** Task data follows **

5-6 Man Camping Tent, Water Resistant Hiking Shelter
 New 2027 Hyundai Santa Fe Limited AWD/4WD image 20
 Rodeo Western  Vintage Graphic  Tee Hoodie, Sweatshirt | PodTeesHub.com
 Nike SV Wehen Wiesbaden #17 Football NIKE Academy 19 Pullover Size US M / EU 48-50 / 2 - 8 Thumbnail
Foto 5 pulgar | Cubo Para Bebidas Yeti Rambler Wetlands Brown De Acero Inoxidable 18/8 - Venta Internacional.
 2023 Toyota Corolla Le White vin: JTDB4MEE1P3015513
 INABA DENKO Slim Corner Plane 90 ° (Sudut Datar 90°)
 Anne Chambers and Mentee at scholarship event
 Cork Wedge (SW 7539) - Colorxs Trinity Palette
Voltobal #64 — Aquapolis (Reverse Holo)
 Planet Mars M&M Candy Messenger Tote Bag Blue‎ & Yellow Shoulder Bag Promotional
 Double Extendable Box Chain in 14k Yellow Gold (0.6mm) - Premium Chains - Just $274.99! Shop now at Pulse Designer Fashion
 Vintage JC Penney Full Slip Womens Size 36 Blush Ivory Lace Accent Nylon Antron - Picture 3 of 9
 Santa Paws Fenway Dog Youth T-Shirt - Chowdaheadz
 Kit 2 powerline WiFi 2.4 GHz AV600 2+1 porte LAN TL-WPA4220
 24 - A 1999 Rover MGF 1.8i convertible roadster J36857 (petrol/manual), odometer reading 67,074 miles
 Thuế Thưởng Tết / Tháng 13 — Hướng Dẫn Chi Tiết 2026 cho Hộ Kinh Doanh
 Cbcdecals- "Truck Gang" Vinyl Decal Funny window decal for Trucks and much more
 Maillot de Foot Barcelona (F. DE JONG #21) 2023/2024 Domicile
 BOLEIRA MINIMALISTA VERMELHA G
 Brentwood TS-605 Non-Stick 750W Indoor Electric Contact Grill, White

** End of Task data **

### The problem
From the records above, pick out and copy each line holding the word "Yellow".

### Exercise result
 Planet Mars M&M Candy Messenger Tote Bag Blue‎ & Yellow Shoulder Bag Promotional
 Double Extendable Box Chain in 14k Yellow Gold (0.6mm) - Premium Chains - Just $274.99! Shop now at Pulse Designer Fashion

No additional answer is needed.